Approximately $1.1 Billion of Structured Securities Affected
New York, September 08, 2016 -- Moody's Investors Service, ("Moody's") has
affirmed the ratings on seventeen classes and upgraded the ratings on
three classes in Wachovia Bank Commercial Mortgage Trust, Commercial
Mortgage Pass-Through Certificates, Series 2007-C34
as follows:
Cl. A-1A, Affirmed Aaa (sf); previously on Oct
8, 2015 Affirmed Aaa (sf)
Cl. A-3, Affirmed Aaa (sf); previously on Oct
8, 2015 Affirmed Aaa (sf)
Cl. A-M, Upgraded to Aa3 (sf); previously on
Oct 8, 2015 Affirmed A2 (sf)
Cl.
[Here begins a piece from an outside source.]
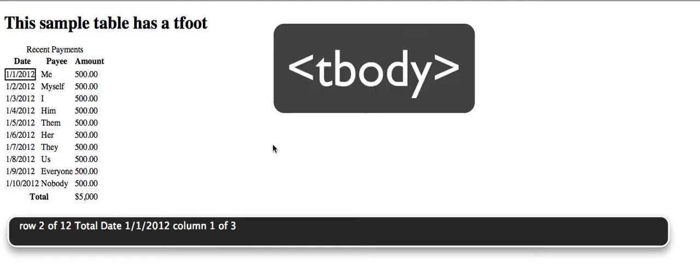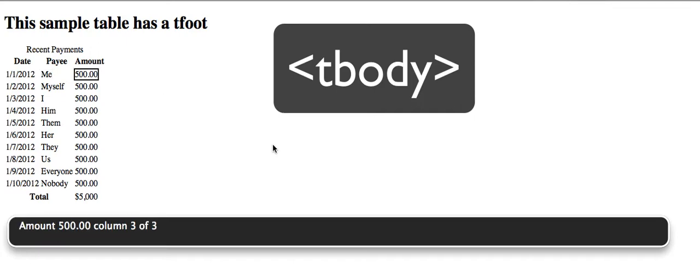Row 2 of 12. Total. Date: 1-1-2012, Column 1 of 3. Payee: Me, Column 2 of 3. Amount: 500.00, Column 3 of 3.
A-J, Upgraded to Ba2 (sf); previously on
Oct 8, 2015 Affirmed B1 (sf)
Cl. B, Upgraded to B1 (sf); previously on Oct 8,
2015 Affirmed B2 (sf)
Cl. C, Affirmed B3 (sf); previously on Oct 8,
2015 Affirmed B3 (sf)
Cl. D, Affirmed Caa2 (sf); previously on Oct 8,
2015 Affirmed Caa2 (sf)
Cl. E, Affirmed Caa3 (sf); previously on Oct 8,
2015 Affirmed Caa3 (sf)
Cl. F, Affirmed Ca (sf); previously on Oct 8,
2015 Affirmed Ca (sf)
Cl. G, Affirmed C (sf); previously on Oct 8, 2015
Affirmed C (sf)
Cl. H, Affirmed C (sf); previously on Oct 8, 2015
Affirmed C (sf)
Cl. J, Affirmed C (sf); previously on Oct 8, 2015
Affirmed C (sf)
Cl. K, Affirmed C (sf); previously on Oct 8, 2015
Affirmed C (sf)
Cl. L, Affirmed C (sf); previously on Oct 8, 2015
Affirmed C (sf)
Cl. M, Affirmed C (sf); previously on Oct 8, 2015
Affirmed C (sf)
Cl. N, Affirmed C (sf); previously on Oct 8, 2015
Affirmed C (sf)
Cl. O, Affirmed C (sf); previously on Oct 8, 2015
Affirmed C (sf)
Cl. P, Affirmed C (sf); previously on Oct 8, 2015
Affirmed C (sf)
Cl. Q, Affirmed C (sf); previously on Oct 8, 2015
Affirmed C (sf)
Cl. IO, Affirmed Ba3 (sf); previously on Oct 8,
2015 Affirmed Ba3 (sf)
RATINGS RATIONALE
The ratings on three P&I classes, classes A-M,
A-J and B, were upgraded primarily due to Moody's expectation
of additional increases in credit support resulting from the payoff of
loans approaching maturity that are well positioned for refinance.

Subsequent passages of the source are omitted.